(Brief descriptive captions)
Segment Open
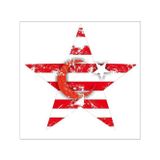 TSC Yıldızlı Türk Bayrağı Araba MotorsikletSticker 19 CM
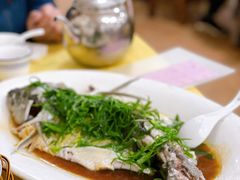 清蒸泉水鲩鱼-成惠食府(赤岗店)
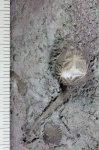 Echinoencrinites angulosus Pander, 1830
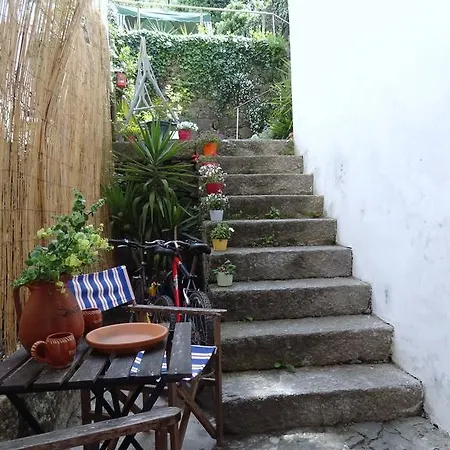 Albergue Bracara *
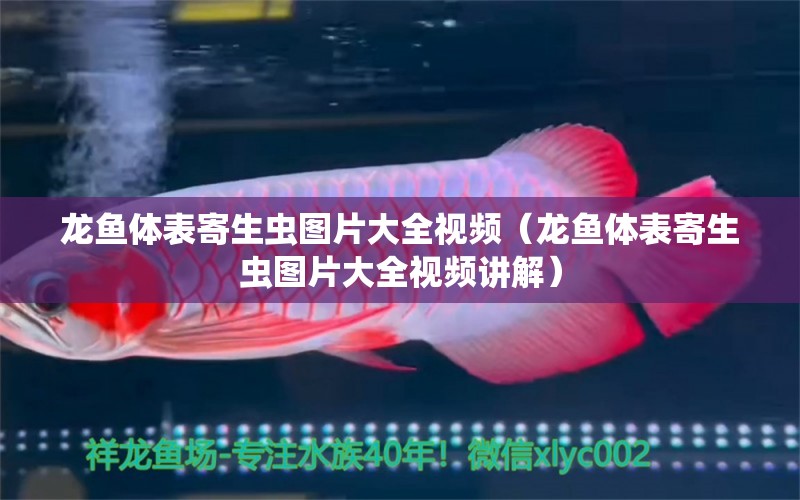 龍魚(yú)體表寄生蟲(chóng)圖片大全視頻（龍魚(yú)體表寄生蟲(chóng)圖片大全視頻講解） 龍魚(yú)疾病與治療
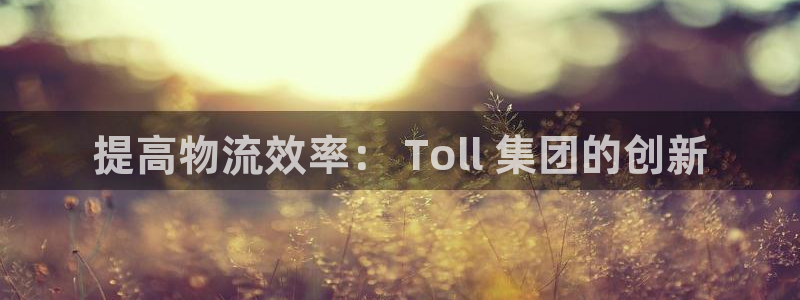 28圈网站平台是多少：提高物流效率：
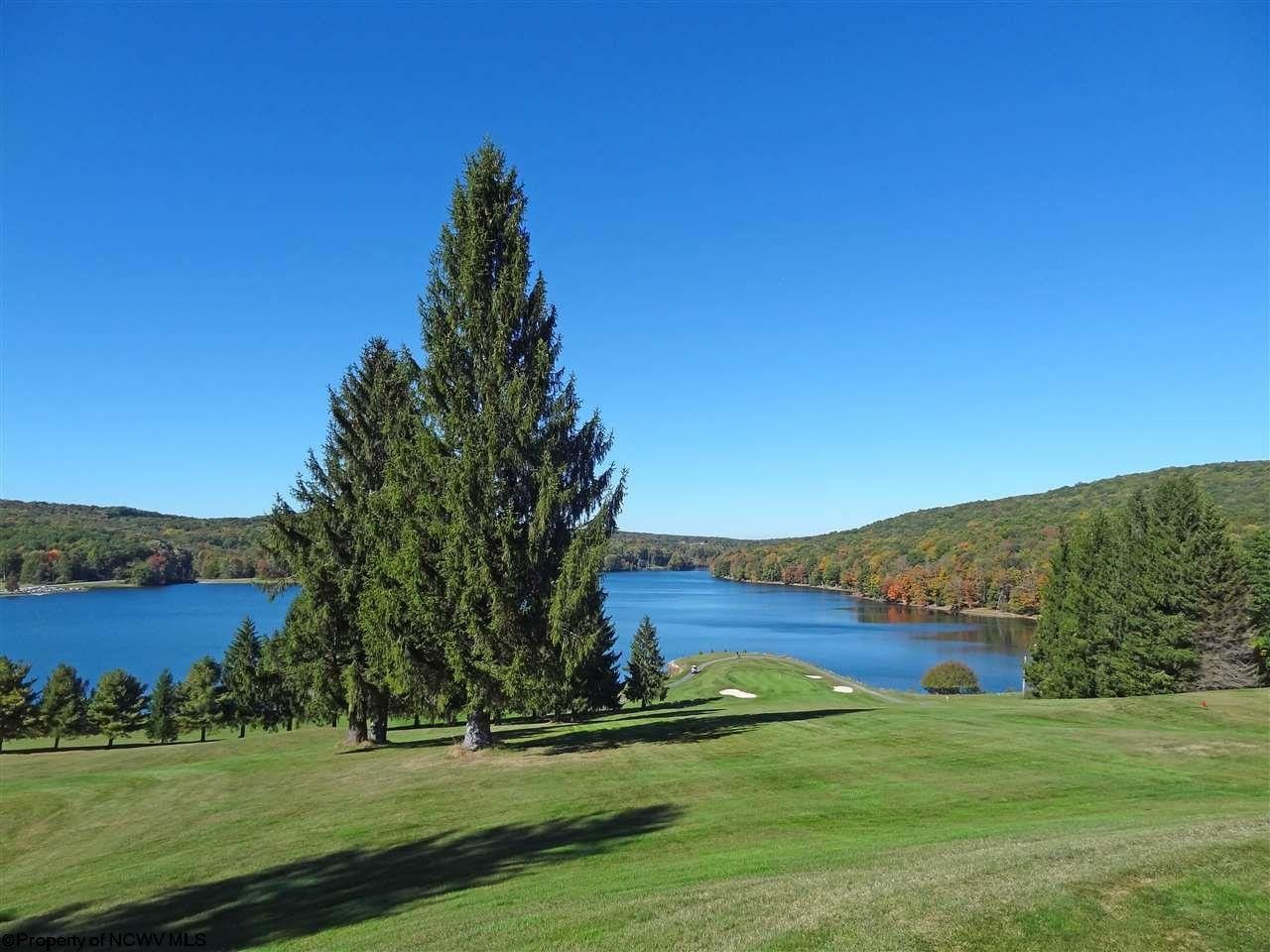 Terra Alta, Preston County, WV Undeveloped Land, Lakefront Property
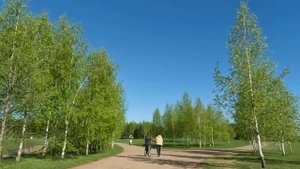 Богач привел гадалку для знакомства с родителями, а когда невеста увидела линию судьбы отца жениха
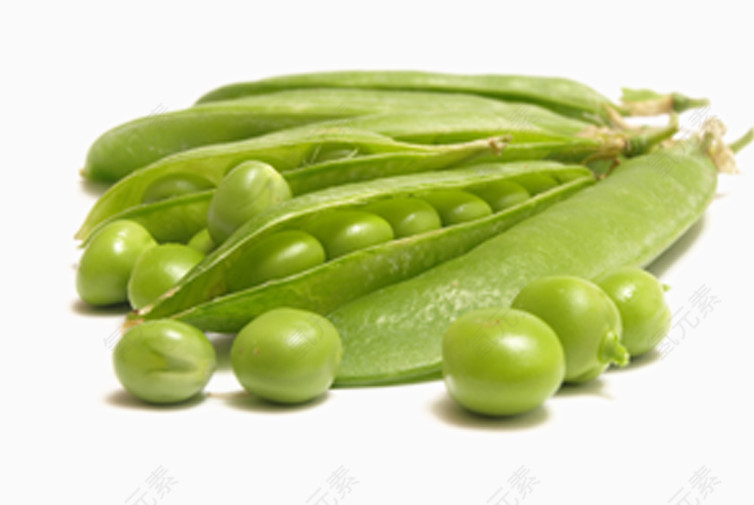 小豆子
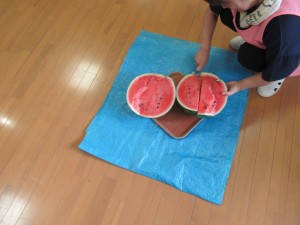 IMG_1247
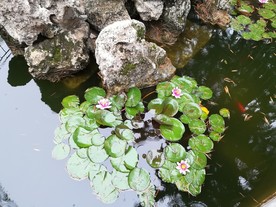 雨中睡莲
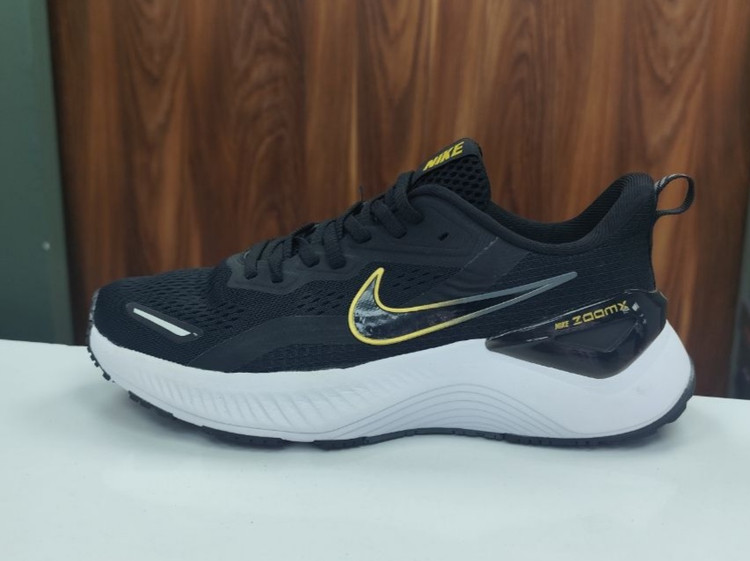 نایک پگاسوس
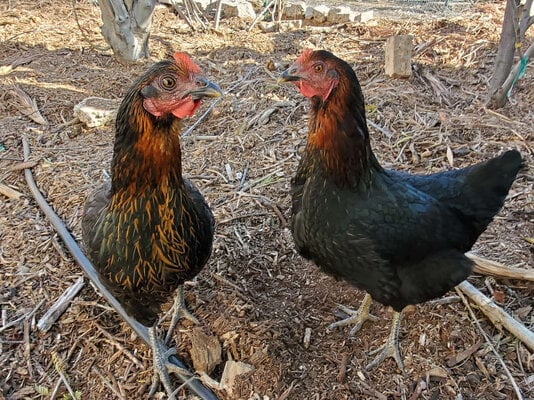 The Production And Longevity Of Black Sex Links Backyard Chickens Learn How To Raise Chickens 8866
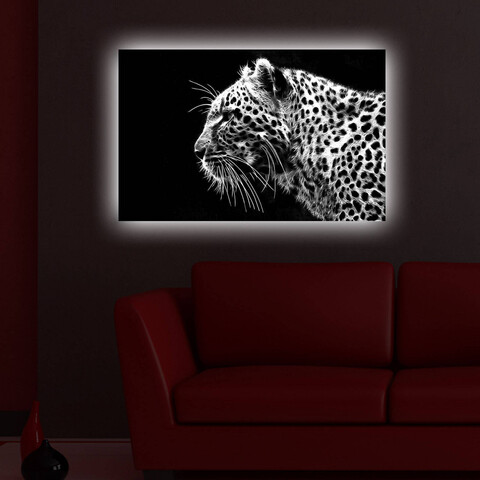 Tablou decorativ cu lumina LED, 4570DACT-44, Dimensiune: 45 x 70 cm, Multicolor
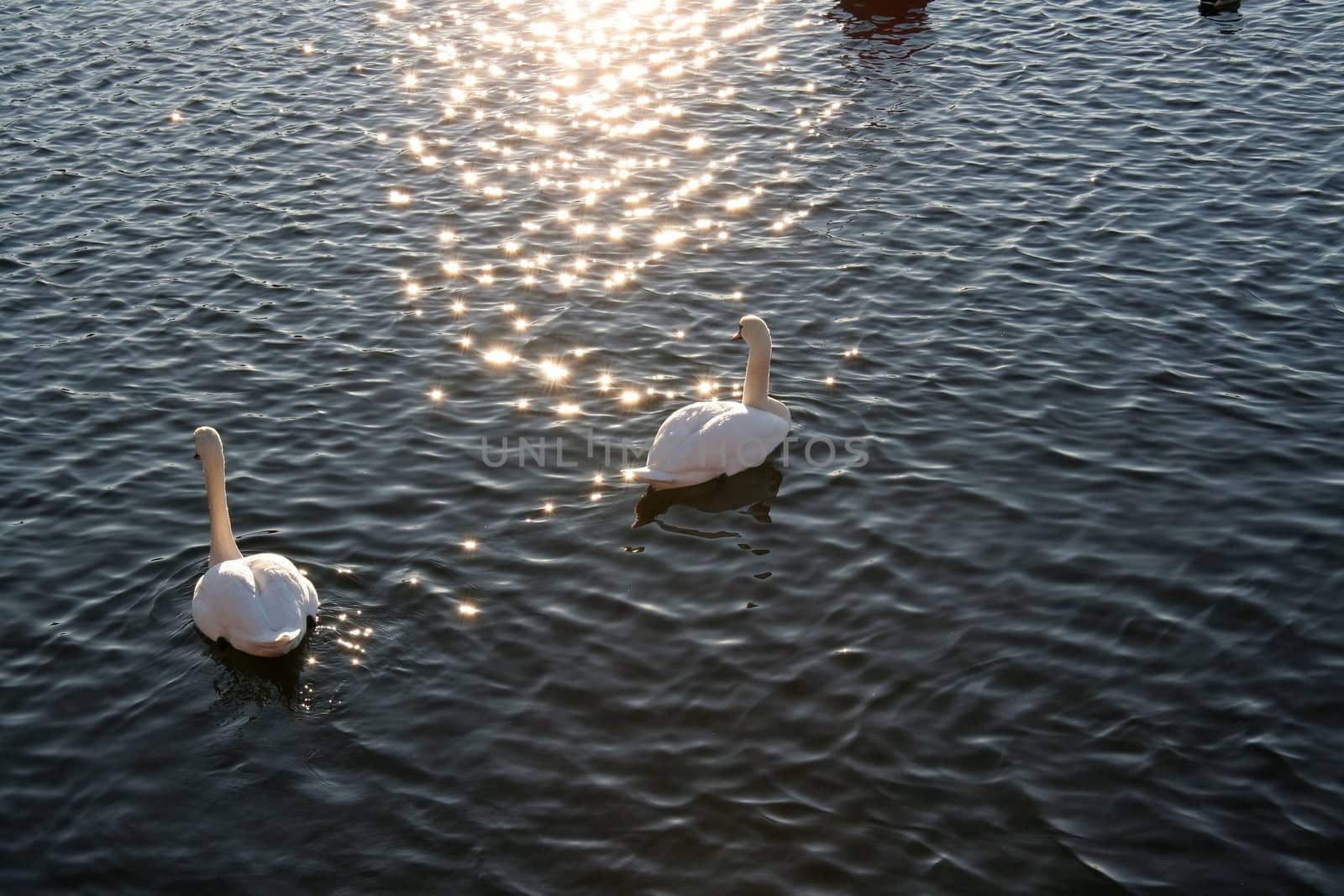 Sunset a d swan family on a lake
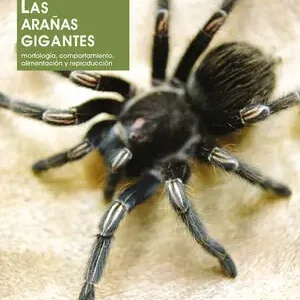 Begrenztes Angebot LAS ARAÑAS GIGANTES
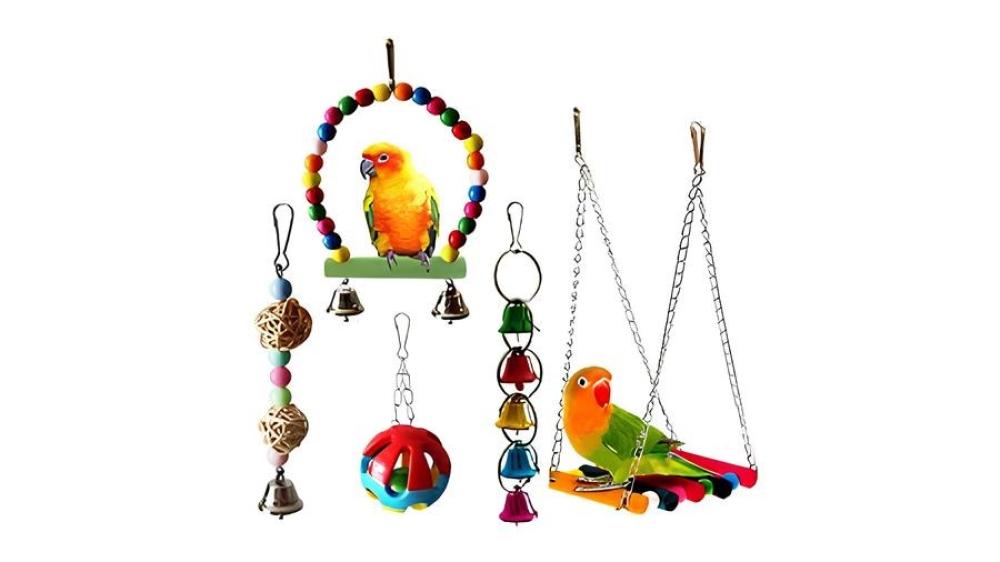 ما هي الألعاب المناسبة لطيور الزينة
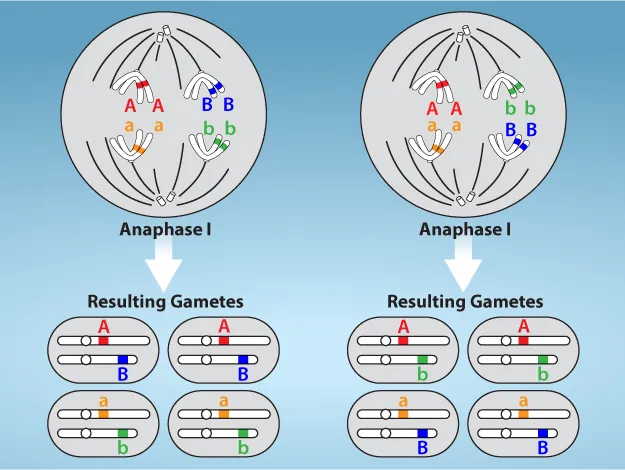 This illustration shows that, in a cell with a set of two chromosomes, four possible arrangements of chromosomes can give rise to eight different kinds of gamete. These are the eight possible arrangements of chromosomes that can occur during meiosis of two chromosomes.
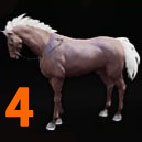 i3464944444.jpg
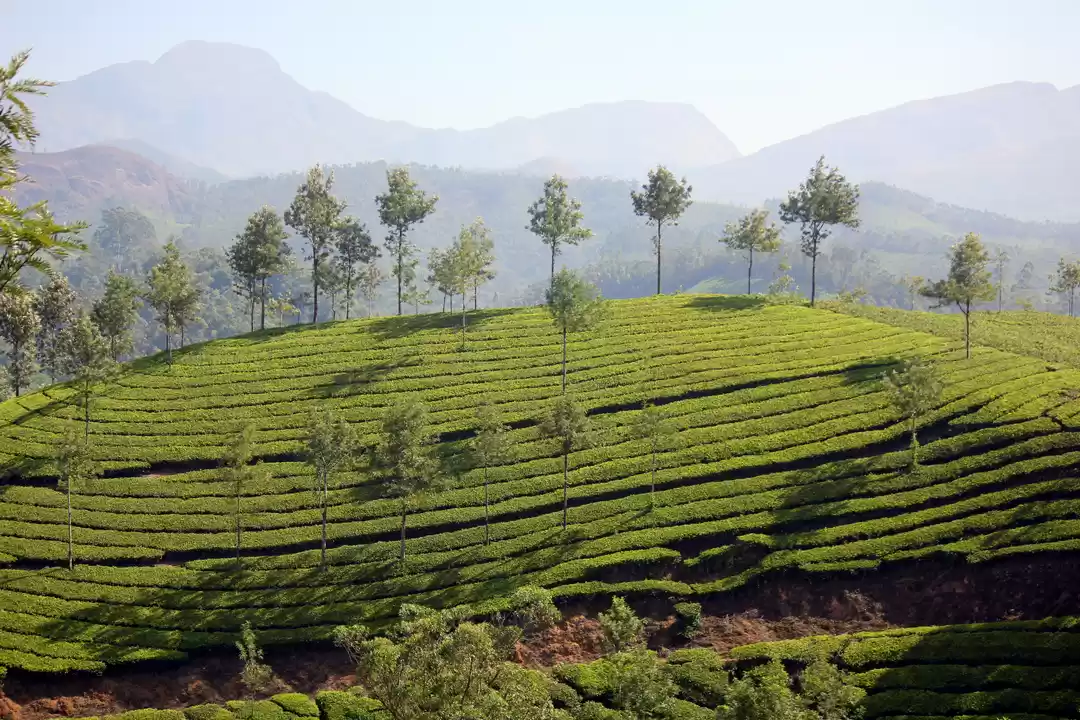 Photo of Visiting God's own c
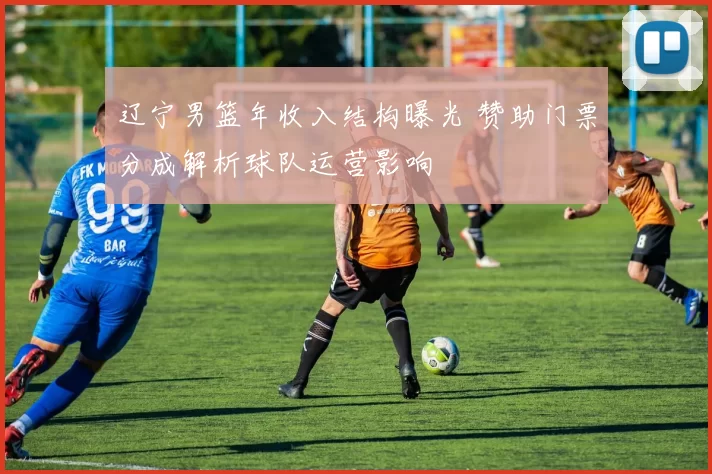 辽宁男篮年收入结构曝光 赞助门票分成解析球队运营影响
Segment Closed
Omit the pictures and reproduce the records above exactly.

 TSC Yıldızlı Türk Bayrağı Araba MotorsikletSticker 19 CM
 清蒸泉水鲩鱼-成惠食府(赤岗店)
 Echinoencrinites angulosus Pander, 1830
 Albergue Bracara *
 龍魚(yú)體表寄生蟲(chóng)圖片大全視頻（龍魚(yú)體表寄生蟲(chóng)圖片大全視頻講解） 龍魚(yú)疾病與治療
 28圈网站平台是多少：提高物流效率：
 Terra Alta, Preston County, WV Undeveloped Land, Lakefront Property
 Богач привел гадалку для знакомства с родителями, а когда невеста увидела линию судьбы отца жениха
 小豆子
 IMG_1247
 雨中睡莲
 نایک پگاسوس
 The Production And Longevity Of Black Sex Links Backyard Chickens Learn How To Raise Chickens 8866
 Tablou decorativ cu lumina LED, 4570DACT-44, Dimensiune: 45 x 70 cm, Multicolor
 Sunset a d swan family on a lake
 Begrenztes Angebot LAS ARAÑAS GIGANTES
 ما هي الألعاب المناسبة لطيور الزينة
 This illustration shows that, in a cell with a set of two chromosomes, four possible arrangements of chromosomes can give rise to eight different kinds of gamete. These are the eight possible arrangements of chromosomes that can occur during meiosis of two chromosomes.
 i3464944444.jpg
 Photo of Visiting God's own c
 辽宁男篮年收入结构曝光 赞助门票分成解析球队运营影响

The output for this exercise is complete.